Researchers have found that Hick and Hyman’s findings apply to different populations and different types of movement task, which has led to the finding  being  considered  a  law  of  motor  control. One  explanation  for  Hick’s  law,  in  simple  terms, is that, when there are more S–R alternatives, the participant  must  process  (i.e.,  think  about)  more information to be able to identify and produce the appropriate response. As humans can only process a  limited  amount  of  information  in  a  given  time, RT is slower when there is more information to be processed.

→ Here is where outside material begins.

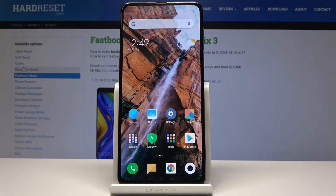Welcome! In front of me is a Xiaomi Mi Mix 3 and today I will show you how to access fastboot on the device.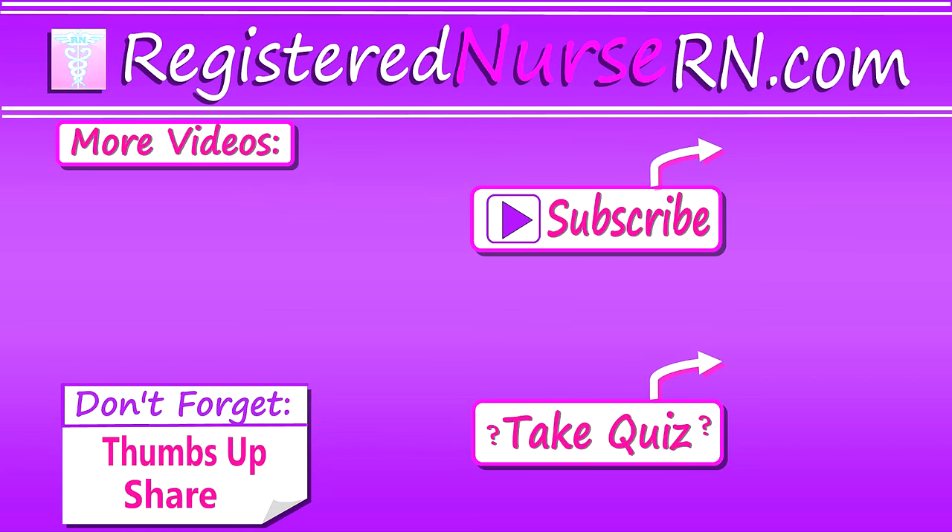Thank you so much for watching. Don't forget to take the free quiz and to subscribe to our channel for more videos.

As with Fitts’s law, the choice RT task described here might seem at first glance to be of limited relevance to movements made in sport and exercise. However, Hick’s law helps explain performance in real  sports,  especially  sports  in  which  responding faster conveys a performance advantage. Consider a defensive team in football that knows the opponent’s offense has two key running plays and two key passing plays and then observes the opponent’s only ball carrier get injured so that running plays are no longer an option. At the line of scrimmage, the  defense  knows  there  are  now  only  two  possible play options, not four. In terms of Hick’s law, the  number  of  S–R  alternatives  has  been  halved, affording  the  defense  a  quicker  RT  (by  150  milliseconds) at the snap. Hick’s law is also reflected in findings from studies of skilled athletes’ preparation  for  upcoming  competitions.  For  example, David Eccles and his colleagues presented evidence that  skilled  athletes  gather  information  affording  the  identification  of  (and  thus  a  reduction  in uncertainty  about)  the  types  of  stimuli  that  will be presented during a competition. An example of this  process  is  when  athletes  and  coaches  in  soccer  or  football  watch  game  film  of  an  upcoming opponent  to  identify  patterns  of  play  unique  to that  opponent  or  when  kayakers  and  orienteers explore the river and forest, respectively, in which they will compete (under time pressure) to identify in advance the demands unique to these environments. According to Hick’s law, these information gathering  activities,  which  reduce  uncertainty about  the  types  of  stimuli  that  will  be  presented during a competition, lead to quicker RTs during that competition.

Conclusion

In  conclusion,  there  are  three  well-established laws  of  movement  learning  and  control:  the  law of practice, Fitts’s law, and Hick’s law. The law of practice  describes  the  relationship  between  practice and learning; Fitts’s law describes the relationship between movement speed and accuracy; and Hick’s law describes the relationship between the time  taken  to  prepare  a  movement  response  and the  number  of  possible  movement  response  alternatives. The relationships described by these laws apply to many different populations and types of movement in sport and exercise. The laws afford the  identification  of  practice-related  conditions that  promote  movement  learning  and  predictions about  how  individuals  will  perform  in  situations requiring movement. As such, the laws are fundamental within the discipline of sport and exercise psychology (SEP).

References:

  1. Eccles, D. W., Ward, P., & Woodman, T. (2009). The role of competition-specific preparation in expert sport performance. Psychology of Sport and Exercise, 10,96–107.
  2. Ericsson, K. A., Krampe, R. Th., & Tesch-Römer, C. (1993). The role of deliberate practice in the acquisition of expert performance. Psychological Review, 100, 363–406.
  3. Lee, T. D. (2011). Motor control in everyday actions.Champaign, IL: Human Kinetics.
  4. Magill, R. A. (2007). Motor learning and control: Concepts and applications. New York: McGraw-Hill.
  5. Schmidt, R. A., & Lee, T. D. (2011). Motor control and learning: A behavioral emphasis (5th ed.). Champaign, IL: Human Kinetics.